-
Notifications
You must be signed in to change notification settings - Fork 100
Description
Summary
The run_tests_with_ollama.sh script has a fast path for when it detects an existing Ollama server (lines 82–84), but it blindly trusts that server without verifying it is actually functional. If the existing server is in a bad state, the entire test run fails with Ollama connectivity errors rather than a clear setup failure.
What goes wrong
When the script detects Ollama already running, it skips starting its own server and proceeds directly to model pulls and warmups. If a warmup times out, the script logs a warning but carries on anyway:
Warning: warmup for granite4:micro timed out (will load on first test)
The subsequent tests then error with "could not create OllamaModelBackend: ollama server not running at None" rather than failing fast. The run still takes the full ~80 minutes working through connection timeouts on every affected test before reporting the failures.
Suggested improvements
- Treat a warmup timeout as a fatal error rather than a warning — either
die()with a clear message or attempt to restart the server - When reusing an existing server, verify it is responsive with a lightweight check (e.g.
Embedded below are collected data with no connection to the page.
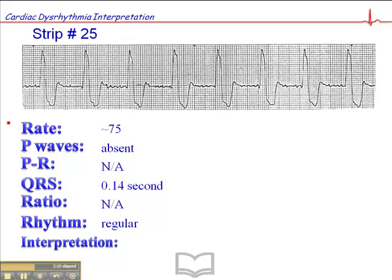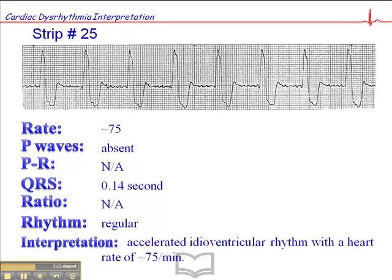So it's not atrial flutter, it's not atrial fibrillation, it's not a junctional rhythm. The interpretation of this rhythm is an idioventricular rhythm. And because the heart rate is 75, which is above what you would expect — the inherent rate is 20 to 40 — we call this an accelerated idioventricular rhythm.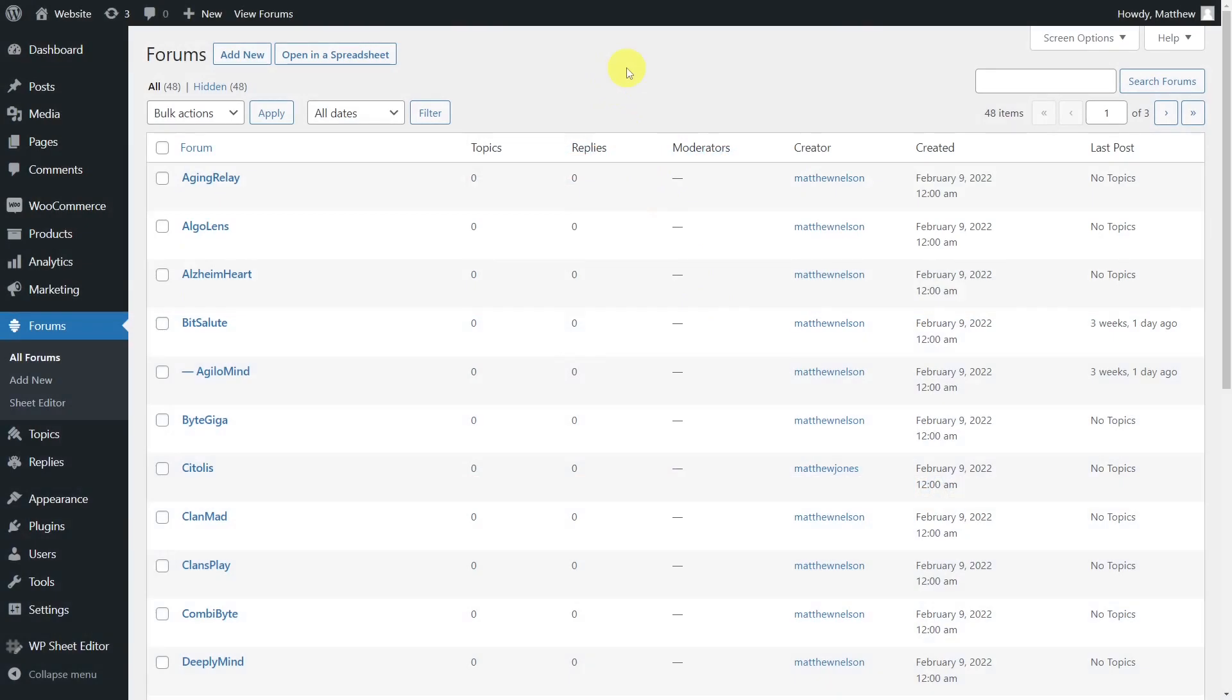Today we want to show you how to export and import bbPress forums. You can download all your bbPress forums information to a CSV file and edit it with Excel or Google Sheets. Once you apply changes to your bbPress forums or even create new forums, you can quickly import the forums into WordPress. It's a great way to edit forums offline and update them with a few clicks.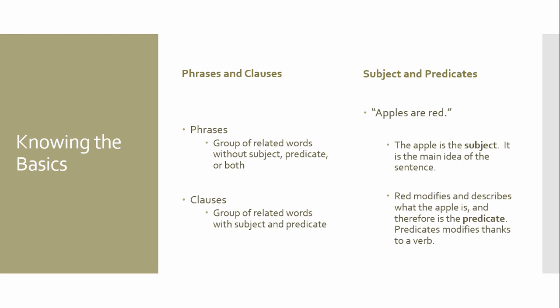So, phrases and clauses versus subjects and predicates. And you're going to see on my left-hand side the difference between a phrase and a clause. So we look at related words without subject, a predicate, or both. The phrase, right there. Whereas my clause, it's the group of words related with a subject and a predicate.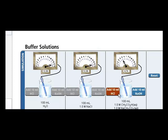Now if we come over here to a solution that's buffered, the buffer is acetic acid with its conjugate base acetate, or the complete compound sodium acetate.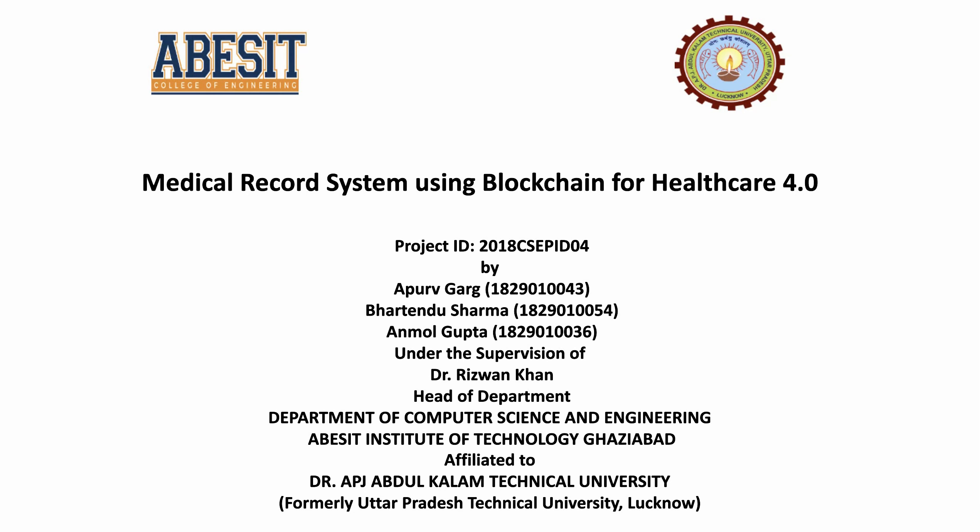Hello everyone, my name is Apoorf Garg. My teammates are Bhartendu Sharma and Anmol Gupta.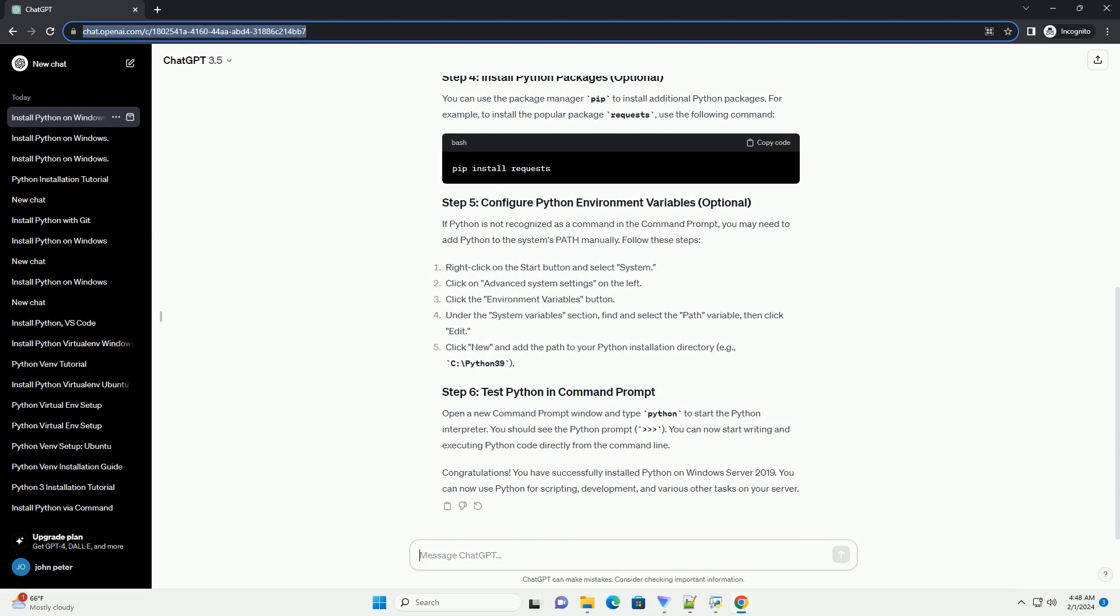Congratulations! You have successfully installed Python on Windows Server 2019. You can now use Python for scripting, development, and various other tasks on your server.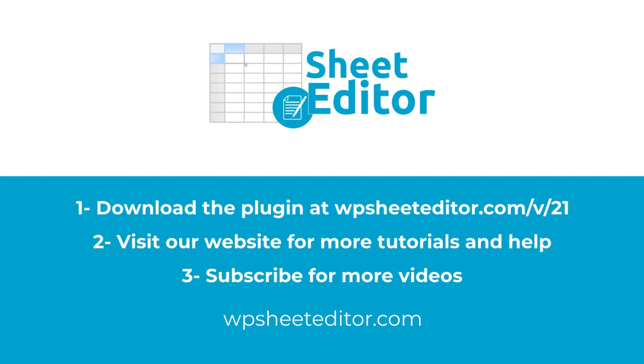You can download it using the link in the description of the video. Visit our website to read hundreds of tutorials on our blog and get personalized assistance on our live chat. Don't forget to subscribe for more tutorials.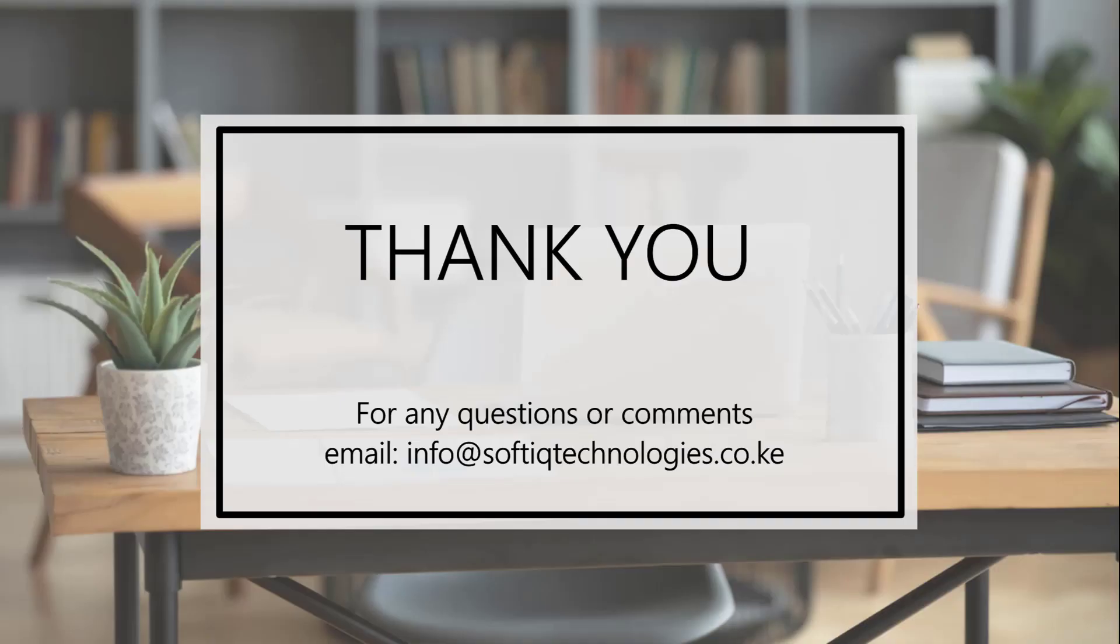That concludes our video. We've resolved the error missing required account on accountable line when closing a POS session in Odoo version 17. Thanks for watching. For questions or suggestions, email us at info@softiqtechnologies.co.ke. Please subscribe and like our page. Thank you.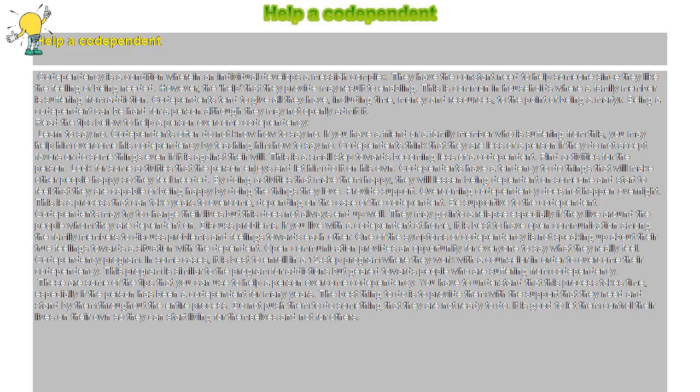Codependency program. In some cases, it is best to enroll in a 12-step program where they work with a counselor in order to overcome their codependency. This program is similar to the program for addictions but geared towards people who are suffering from codependency.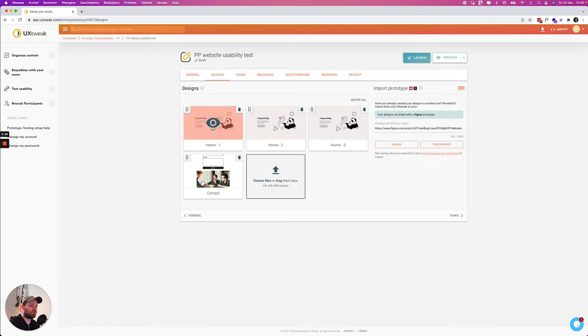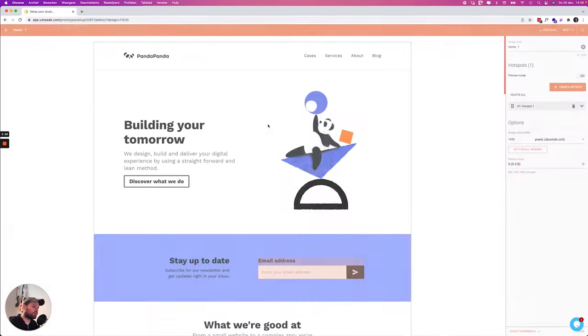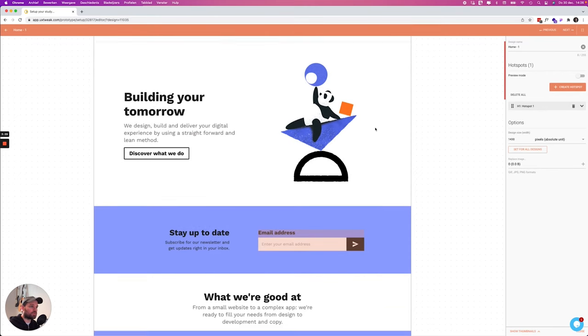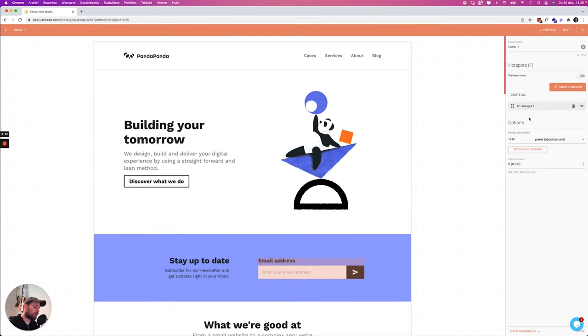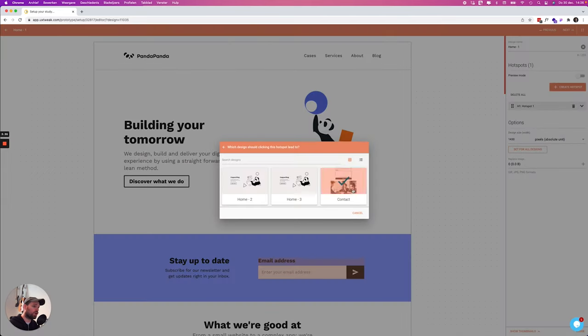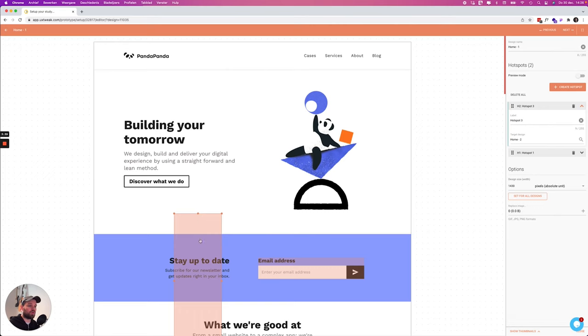So we can have a preview of every screen and then we can see what happens. Here we see one active hotspot that is added within Figma but you can also create your own hotspots within UX Tweak. This can also be quite handy.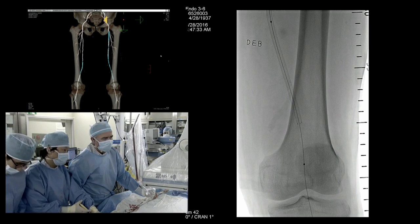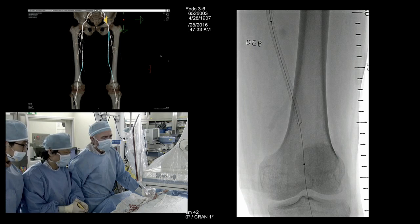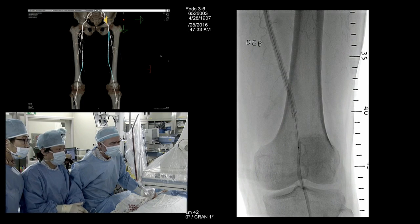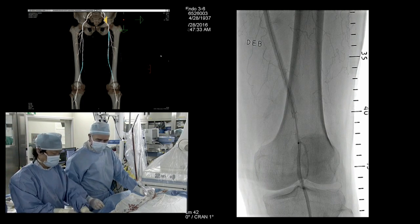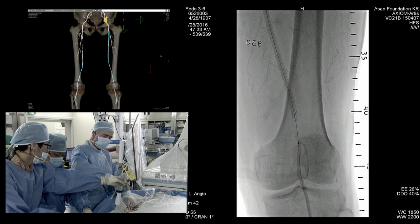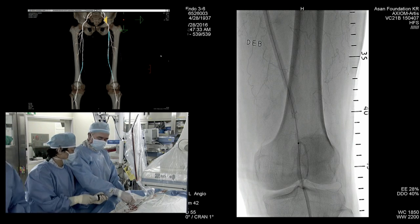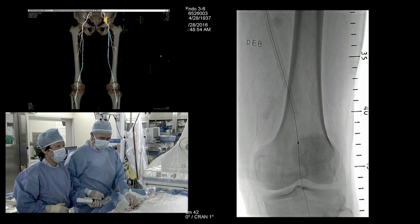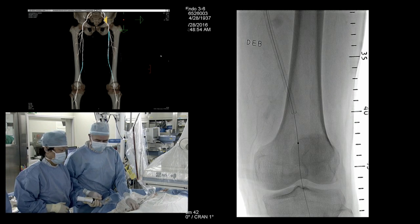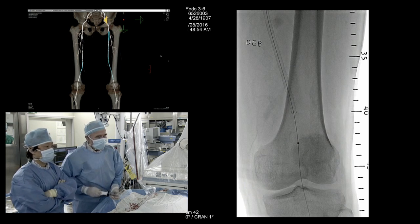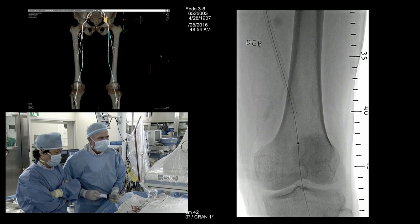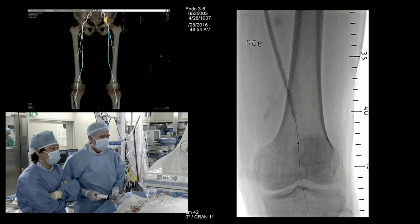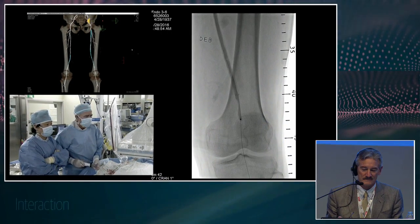I want to start right there. Let's go ahead and go up. I like to do three-minute inflations with these DCBs. Remember that area was not pre-dilated, so I would go up nice and slow. We're not going to go too high — we'll see how it looks as it goes up. It's a 5-millimeter diameter, 150-millimeter length IN.PACT Admiral.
ollama ps) before proceeding to warmups - Consider adding a
--force-restart-ollamaflag for environments where stale servers are common
Context
Encountered during a manual cluster test run on an IBM LSF p-series GPU node (preemptable queue). The node had a stale Ollama server from a previous session that was running but unresponsive. Re-running after confirming no Ollama process was running produced a clean result.